**ACTIVITY**
Output every line from the beginning of the records through the line that contains "artico fiamme fumo", exactly as it appears.

**SOURCE MATERIAL**

---+---

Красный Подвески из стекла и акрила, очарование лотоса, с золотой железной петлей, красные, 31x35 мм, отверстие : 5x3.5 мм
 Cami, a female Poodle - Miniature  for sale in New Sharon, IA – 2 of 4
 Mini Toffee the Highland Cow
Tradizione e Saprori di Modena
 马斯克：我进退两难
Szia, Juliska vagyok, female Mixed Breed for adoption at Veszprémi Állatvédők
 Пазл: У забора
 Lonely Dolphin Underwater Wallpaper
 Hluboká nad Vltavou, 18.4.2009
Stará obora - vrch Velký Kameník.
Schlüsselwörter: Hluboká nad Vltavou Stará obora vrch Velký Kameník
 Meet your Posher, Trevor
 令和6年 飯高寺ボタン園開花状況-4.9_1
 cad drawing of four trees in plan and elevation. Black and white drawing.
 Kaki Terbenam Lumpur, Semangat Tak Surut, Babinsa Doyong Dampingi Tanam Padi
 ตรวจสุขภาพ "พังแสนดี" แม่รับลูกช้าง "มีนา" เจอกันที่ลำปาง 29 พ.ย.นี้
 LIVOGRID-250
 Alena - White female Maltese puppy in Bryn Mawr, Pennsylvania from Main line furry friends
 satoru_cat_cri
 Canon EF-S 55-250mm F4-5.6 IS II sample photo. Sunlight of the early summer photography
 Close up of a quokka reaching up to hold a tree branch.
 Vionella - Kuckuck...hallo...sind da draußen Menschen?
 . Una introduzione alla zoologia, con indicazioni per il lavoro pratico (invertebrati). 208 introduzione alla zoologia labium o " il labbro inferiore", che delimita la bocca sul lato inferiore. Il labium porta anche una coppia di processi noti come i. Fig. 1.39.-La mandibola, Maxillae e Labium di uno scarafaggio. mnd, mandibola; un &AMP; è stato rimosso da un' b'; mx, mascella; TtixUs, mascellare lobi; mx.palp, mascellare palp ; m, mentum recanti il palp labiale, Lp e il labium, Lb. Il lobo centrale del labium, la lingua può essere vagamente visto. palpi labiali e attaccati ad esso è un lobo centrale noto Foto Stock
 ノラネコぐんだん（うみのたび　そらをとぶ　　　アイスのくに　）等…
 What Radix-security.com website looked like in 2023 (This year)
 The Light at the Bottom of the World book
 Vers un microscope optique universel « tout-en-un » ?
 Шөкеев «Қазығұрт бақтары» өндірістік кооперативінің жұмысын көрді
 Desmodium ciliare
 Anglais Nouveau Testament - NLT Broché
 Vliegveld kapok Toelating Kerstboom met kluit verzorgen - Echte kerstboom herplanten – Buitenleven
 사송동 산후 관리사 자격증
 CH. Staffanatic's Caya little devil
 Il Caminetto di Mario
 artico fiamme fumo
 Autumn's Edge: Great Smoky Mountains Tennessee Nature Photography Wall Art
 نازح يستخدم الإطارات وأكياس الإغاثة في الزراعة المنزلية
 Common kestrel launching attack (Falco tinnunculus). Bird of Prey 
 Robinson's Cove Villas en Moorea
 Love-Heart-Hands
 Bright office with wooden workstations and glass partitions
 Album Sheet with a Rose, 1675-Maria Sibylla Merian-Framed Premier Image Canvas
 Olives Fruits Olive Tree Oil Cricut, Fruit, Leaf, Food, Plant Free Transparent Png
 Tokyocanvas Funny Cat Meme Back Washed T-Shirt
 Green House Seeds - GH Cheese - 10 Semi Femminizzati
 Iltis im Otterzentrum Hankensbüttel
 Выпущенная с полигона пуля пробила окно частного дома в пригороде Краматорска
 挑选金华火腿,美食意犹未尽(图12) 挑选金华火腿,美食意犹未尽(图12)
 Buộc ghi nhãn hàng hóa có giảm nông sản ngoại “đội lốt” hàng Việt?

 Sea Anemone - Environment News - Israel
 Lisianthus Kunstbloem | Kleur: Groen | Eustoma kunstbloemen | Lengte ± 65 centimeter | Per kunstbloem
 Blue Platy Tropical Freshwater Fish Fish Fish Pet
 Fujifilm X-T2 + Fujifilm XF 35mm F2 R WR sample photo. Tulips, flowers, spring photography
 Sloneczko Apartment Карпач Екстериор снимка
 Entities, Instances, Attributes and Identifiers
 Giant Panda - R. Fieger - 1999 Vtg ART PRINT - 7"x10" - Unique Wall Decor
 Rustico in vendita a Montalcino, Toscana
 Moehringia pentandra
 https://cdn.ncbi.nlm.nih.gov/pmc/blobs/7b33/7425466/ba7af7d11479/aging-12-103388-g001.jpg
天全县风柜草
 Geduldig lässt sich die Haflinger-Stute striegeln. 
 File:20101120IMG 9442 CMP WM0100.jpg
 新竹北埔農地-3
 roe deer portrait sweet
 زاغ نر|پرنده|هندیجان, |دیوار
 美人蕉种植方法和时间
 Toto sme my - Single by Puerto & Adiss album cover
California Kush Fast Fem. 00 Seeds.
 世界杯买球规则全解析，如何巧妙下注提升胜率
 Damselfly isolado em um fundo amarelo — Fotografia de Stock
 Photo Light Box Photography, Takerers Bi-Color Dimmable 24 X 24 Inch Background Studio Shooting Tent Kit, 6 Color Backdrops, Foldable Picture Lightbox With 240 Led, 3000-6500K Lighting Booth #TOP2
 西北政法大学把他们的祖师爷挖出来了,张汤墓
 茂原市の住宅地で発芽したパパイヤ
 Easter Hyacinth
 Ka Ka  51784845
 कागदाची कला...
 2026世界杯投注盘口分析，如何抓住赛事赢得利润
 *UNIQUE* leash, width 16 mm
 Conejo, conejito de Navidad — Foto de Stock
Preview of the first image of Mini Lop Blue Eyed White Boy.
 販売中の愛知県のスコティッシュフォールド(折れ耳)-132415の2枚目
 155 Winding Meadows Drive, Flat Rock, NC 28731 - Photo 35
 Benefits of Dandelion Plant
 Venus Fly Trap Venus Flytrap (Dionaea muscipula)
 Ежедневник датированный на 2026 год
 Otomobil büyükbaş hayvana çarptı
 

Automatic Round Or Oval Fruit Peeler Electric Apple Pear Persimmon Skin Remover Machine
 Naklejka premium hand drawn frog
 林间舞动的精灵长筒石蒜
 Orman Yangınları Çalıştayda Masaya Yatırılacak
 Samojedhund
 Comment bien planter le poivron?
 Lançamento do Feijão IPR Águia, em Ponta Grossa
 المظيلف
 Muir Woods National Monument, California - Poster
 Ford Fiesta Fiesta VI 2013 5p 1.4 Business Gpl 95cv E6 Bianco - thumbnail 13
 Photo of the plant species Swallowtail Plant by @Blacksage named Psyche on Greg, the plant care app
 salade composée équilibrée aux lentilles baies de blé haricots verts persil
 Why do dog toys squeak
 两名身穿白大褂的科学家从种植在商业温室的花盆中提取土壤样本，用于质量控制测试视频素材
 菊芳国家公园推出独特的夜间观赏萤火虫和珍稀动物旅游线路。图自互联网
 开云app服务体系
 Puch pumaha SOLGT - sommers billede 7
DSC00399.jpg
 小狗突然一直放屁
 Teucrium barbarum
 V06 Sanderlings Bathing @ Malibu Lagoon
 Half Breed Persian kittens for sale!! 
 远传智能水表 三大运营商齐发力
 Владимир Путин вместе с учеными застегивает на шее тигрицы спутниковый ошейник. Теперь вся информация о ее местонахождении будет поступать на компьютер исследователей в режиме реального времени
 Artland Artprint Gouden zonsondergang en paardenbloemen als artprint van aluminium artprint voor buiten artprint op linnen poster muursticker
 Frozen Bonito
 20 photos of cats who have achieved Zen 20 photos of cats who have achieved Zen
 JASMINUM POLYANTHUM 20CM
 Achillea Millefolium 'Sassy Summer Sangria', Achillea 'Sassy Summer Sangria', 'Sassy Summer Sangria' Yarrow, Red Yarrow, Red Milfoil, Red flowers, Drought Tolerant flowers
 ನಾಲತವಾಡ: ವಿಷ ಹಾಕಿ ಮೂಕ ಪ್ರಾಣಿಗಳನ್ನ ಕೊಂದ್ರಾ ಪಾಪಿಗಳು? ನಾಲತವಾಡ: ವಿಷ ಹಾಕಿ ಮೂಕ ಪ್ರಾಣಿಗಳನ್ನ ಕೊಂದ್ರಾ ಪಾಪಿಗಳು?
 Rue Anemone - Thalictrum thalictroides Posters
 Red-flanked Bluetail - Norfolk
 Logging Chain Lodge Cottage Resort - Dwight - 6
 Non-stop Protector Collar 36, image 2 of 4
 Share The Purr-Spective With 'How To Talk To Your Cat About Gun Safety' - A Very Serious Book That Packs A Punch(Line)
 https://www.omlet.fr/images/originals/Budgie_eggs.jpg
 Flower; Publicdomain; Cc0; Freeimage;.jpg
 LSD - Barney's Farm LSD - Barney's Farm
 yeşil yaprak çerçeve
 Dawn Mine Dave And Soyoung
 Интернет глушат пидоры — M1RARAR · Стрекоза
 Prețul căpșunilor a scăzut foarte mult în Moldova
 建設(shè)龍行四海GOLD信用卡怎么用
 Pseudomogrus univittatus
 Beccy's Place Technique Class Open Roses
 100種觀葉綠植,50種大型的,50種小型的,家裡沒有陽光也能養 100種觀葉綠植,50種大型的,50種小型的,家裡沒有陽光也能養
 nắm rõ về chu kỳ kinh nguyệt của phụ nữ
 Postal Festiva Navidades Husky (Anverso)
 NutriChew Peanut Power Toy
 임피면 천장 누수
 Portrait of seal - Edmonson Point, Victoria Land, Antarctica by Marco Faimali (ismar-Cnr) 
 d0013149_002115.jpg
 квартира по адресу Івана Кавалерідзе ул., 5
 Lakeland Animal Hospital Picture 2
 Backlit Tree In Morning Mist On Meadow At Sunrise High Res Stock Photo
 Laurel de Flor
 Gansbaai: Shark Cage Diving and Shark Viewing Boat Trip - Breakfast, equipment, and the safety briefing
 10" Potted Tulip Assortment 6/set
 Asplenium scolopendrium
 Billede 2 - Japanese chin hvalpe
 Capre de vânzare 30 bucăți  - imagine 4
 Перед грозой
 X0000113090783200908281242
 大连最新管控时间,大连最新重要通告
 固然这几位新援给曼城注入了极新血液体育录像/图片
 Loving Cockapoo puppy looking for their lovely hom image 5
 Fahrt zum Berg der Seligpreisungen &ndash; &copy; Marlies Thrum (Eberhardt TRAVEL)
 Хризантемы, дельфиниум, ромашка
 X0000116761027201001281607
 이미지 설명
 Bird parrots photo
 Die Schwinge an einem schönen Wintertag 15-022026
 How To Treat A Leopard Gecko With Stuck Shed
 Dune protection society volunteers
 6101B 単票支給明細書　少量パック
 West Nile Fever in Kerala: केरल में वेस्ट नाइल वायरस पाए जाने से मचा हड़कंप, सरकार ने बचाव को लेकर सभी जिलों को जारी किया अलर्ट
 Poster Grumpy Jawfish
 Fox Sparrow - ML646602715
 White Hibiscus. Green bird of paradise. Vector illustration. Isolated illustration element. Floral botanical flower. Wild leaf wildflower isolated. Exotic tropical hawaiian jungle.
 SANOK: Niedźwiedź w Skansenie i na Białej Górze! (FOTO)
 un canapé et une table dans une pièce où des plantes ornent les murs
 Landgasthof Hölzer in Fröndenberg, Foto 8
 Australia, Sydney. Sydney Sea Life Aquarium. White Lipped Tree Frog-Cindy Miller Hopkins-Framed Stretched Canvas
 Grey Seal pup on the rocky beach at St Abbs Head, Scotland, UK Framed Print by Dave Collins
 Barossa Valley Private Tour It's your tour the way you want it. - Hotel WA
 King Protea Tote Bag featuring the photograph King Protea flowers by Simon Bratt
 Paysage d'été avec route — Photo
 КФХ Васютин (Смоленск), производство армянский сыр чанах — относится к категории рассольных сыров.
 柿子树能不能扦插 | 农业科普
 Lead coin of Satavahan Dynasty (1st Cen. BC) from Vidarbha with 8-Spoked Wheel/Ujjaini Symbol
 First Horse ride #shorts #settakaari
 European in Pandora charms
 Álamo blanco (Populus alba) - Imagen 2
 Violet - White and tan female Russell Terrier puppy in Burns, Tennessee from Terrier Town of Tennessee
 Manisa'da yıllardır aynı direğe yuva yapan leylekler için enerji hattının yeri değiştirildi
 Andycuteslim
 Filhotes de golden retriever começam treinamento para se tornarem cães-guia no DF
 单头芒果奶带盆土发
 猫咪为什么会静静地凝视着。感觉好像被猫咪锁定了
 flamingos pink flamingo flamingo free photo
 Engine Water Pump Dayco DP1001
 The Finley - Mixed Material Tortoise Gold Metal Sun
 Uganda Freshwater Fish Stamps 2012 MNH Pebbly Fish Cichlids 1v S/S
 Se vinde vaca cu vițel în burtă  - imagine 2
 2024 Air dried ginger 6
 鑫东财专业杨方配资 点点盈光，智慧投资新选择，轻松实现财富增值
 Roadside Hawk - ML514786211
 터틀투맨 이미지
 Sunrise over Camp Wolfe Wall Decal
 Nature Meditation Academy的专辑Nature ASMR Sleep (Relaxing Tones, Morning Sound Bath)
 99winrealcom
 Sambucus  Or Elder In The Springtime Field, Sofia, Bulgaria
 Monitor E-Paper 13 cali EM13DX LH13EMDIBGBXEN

---+---

**ANSWER TO THIS PROBLEM**
Красный Подвески из стекла и акрила, очарование лотоса, с золотой железной петлей, красные, 31x35 мм, отверстие : 5x3.5 мм
 Cami, a female Poodle - Miniature  for sale in New Sharon, IA – 2 of 4
 Mini Toffee the Highland Cow
Tradizione e Saprori di Modena
 马斯克：我进退两难
Szia, Juliska vagyok, female Mixed Breed for adoption at Veszprémi Állatvédők
 Пазл: У забора
 Lonely Dolphin Underwater Wallpaper
 Hluboká nad Vltavou, 18.4.2009
Stará obora - vrch Velký Kameník.
Schlüsselwörter: Hluboká nad Vltavou Stará obora vrch Velký Kameník
 Meet your Posher, Trevor
 令和6年 飯高寺ボタン園開花状況-4.9_1
 cad drawing of four trees in plan and elevation. Black and white drawing.
 Kaki Terbenam Lumpur, Semangat Tak Surut, Babinsa Doyong Dampingi Tanam Padi
 ตรวจสุขภาพ "พังแสนดี" แม่รับลูกช้าง "มีนา" เจอกันที่ลำปาง 29 พ.ย.นี้
 LIVOGRID-250
 Alena - White female Maltese puppy in Bryn Mawr, Pennsylvania from Main line furry friends
 satoru_cat_cri
 Canon EF-S 55-250mm F4-5.6 IS II sample photo. Sunlight of the early summer photography
 Close up of a quokka reaching up to hold a tree branch.
 Vionella - Kuckuck...hallo...sind da draußen Menschen?
 . Una introduzione alla zoologia, con indicazioni per il lavoro pratico (invertebrati). 208 introduzione alla zoologia labium o " il labbro inferiore", che delimita la bocca sul lato inferiore. Il labium porta anche una coppia di processi noti come i. Fig. 1.39.-La mandibola, Maxillae e Labium di uno scarafaggio. mnd, mandibola; un &AMP; è stato rimosso da un' b'; mx, mascella; TtixUs, mascellare lobi; mx.palp, mascellare palp ; m, mentum recanti il palp labiale, Lp e il labium, Lb. Il lobo centrale del labium, la lingua può essere vagamente visto. palpi labiali e attaccati ad esso è un lobo centrale noto Foto Stock
 ノラネコぐんだん（うみのたび　そらをとぶ　　　アイスのくに　）等…
 What Radix-security.com website looked like in 2023 (This year)
 The Light at the Bottom of the World book
 Vers un microscope optique universel « tout-en-un » ?
 Шөкеев «Қазығұрт бақтары» өндірістік кооперативінің жұмысын көрді
 Desmodium ciliare
 Anglais Nouveau Testament - NLT Broché
 Vliegveld kapok Toelating Kerstboom met kluit verzorgen - Echte kerstboom herplanten – Buitenleven
 사송동 산후 관리사 자격증
 CH. Staffanatic's Caya little devil
 Il Caminetto di Mario
 artico fiamme fumo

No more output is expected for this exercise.